Call Me Later


I am amazed when people try to stop teenagers from talking on cell phones while driving. No talking on cell phones? Why you might as well try to stop them from downloading music. Who in the world can stop a teenager from talking on the phone, or doing anything they’ve got their mind set on doing?

It makes you wonder if some adults were ever teenagers or if it has just been so long ago that they no longer remember?  The best solution these days seems to be a hands-free option for phones — but cell phones can still be a distraction.

Back when I was young, cell phones and even cordless phones did not exist. (I’m telling my age here, so just forget this part after you read it.) We had only the good old, standard telephone fastened to the wall with a 15 foot cord so that it could be stretched to the closest closet or bathroom where the door could be closed and we could engage in our private conversation away from the prying ears of parents or (ug!) siblings. We spent marathon hours talking on the phone to friends and it was all part of becoming socialized, feeling accepted, growing up.

Maybe some people never had the thrill of talking on the phone for hours unending, while lying on the floor with feet on the furniture. Maybe they never spent infinite hours just waiting for the phone to ring. Maybe they never called a friend and then held on to the phone for ages talking about nothing, just because they wanted to feel a connection.

The love affair between teenagers and telephone is a long-standing, time-honored tradition. Of course, phones in past times were not mobile and did not have the option of texting. Cell phones are the modern day replacement for the 15-foot cord.

Try to take away the kids cell phones? Why they might as well take away the senior prom, rock music, or the Friday night football game.  We try to teach kids to use responsibility. What sort of mixed message do we send when we hand them the car keys with one hand, and take away the cell phone with the other?

If you want to be fair, admit that adults on cell phones are not safe drivers either. So let’s not pick on adolescents and blame them for the ills of the highway. If the kids are considered old enough to drive a motor vehicle in the first place, then they should be considered old enough to have the responsibility that comes with it.

I’m not opposed to safety on the roads. If we really want to be safer, why not lower the 70-mph breakneck speed limit? Why not crack down on the driver’s license test that, as every one knows, is scarcely a test at all.
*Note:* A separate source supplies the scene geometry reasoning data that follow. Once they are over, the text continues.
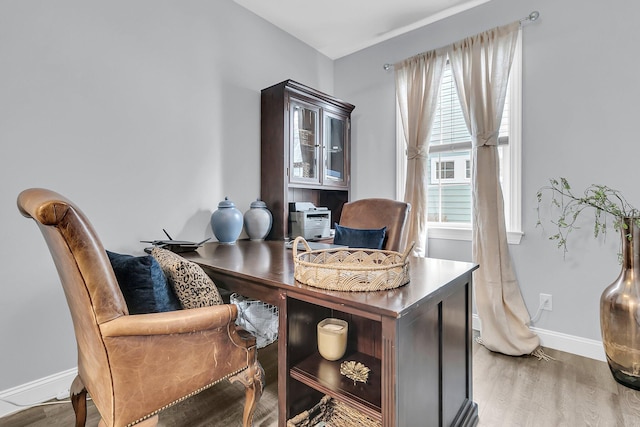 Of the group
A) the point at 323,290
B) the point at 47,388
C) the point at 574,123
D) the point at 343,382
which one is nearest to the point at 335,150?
the point at 574,123

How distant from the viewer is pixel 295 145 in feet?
9.05

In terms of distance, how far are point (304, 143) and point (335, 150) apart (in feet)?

Why not post some public service messages to educate the general public on how to drive without tailgating and how to using signal lights.

Why not encourage courtesy to other drivers on the roads instead of a competative “watch out for the other guy” mentality. Why not install a hands-free option for the cell phone? Like everyone else, teenagers may not always be able to pull to the side of the road or re-enter traffic safely when the phone rings. How many people have never used their cell phone while driving?

Phones are a convenience, a way to keep in touch when we are away, a way to get information, a way to say we will be late for an appointment, a way to let people know where we are, a way to be available if someone needs us.

The absurdity of saying someone is responsible enough to have a license to drive a high-powered, fast-speed machine but not responsible enough to use a cell phone safely is simply ludicrous. Does anyone besides me see the paradox?

Copyright 2001 Sheila Moss
Edited 2020

About Sheila Moss

My stories are about daily life and the funny things that happen to all of us. My columns have been published in numerous newspapers, magazines, anthologies, and websites.
This entry was posted in Automotive, Humor, Rants and tagged , , , , , , , , . Bookmark the permalink.

8 Responses to Call Me Later

  1. cat9984 says:

    Actually, I’ve never had a problem with a teenager and a cellphone. Businesspeople, cars, and cellphones are another matter. They are a real danger on the roads around here.


  2. Sharon Dillon says:

    I used to love the phone, when my parents allowed me to use it. But, ours didn’t have a long cord and was located where it was handy for my parents to hear what I was saying. I also had a 10 minute limit. When I left home those rules were relaxed.
    But then …
    I had a series of customer service jobs and learned to hate everything about the phone. I’m just now beginning to call someone without cringing. Though, I still delay as long as I can.


    • Sharon Dillon says:

      I forgot to say that I text when I can and only call when absolutely necessary.

      Liked by 1 person

      • Sheila Moss says:

        Ditto. I did finally make my vet appointment, furnace-check appointment, and called Chewy about why my cat’s medicine was not mailed. I try to be polite and thank them for helping me as I know working complaint calls must be rough.


    • Sheila Moss says:

      I get it. I worked in government and we were required to answer the phone in person. The governor didn’t like voice mail. It might be a tax payer calling. Of course, the person calling was more often an enraged person who blamed the person on the other end for all the ills of government. Not fun to try to calm them regardless of how many crisis-handling classes you had.


  3. It’s funny I never got into talking on the phone as a teenager or even now a days. :D. I can’t stand it when people (not just teenagers) are on the phone and driving.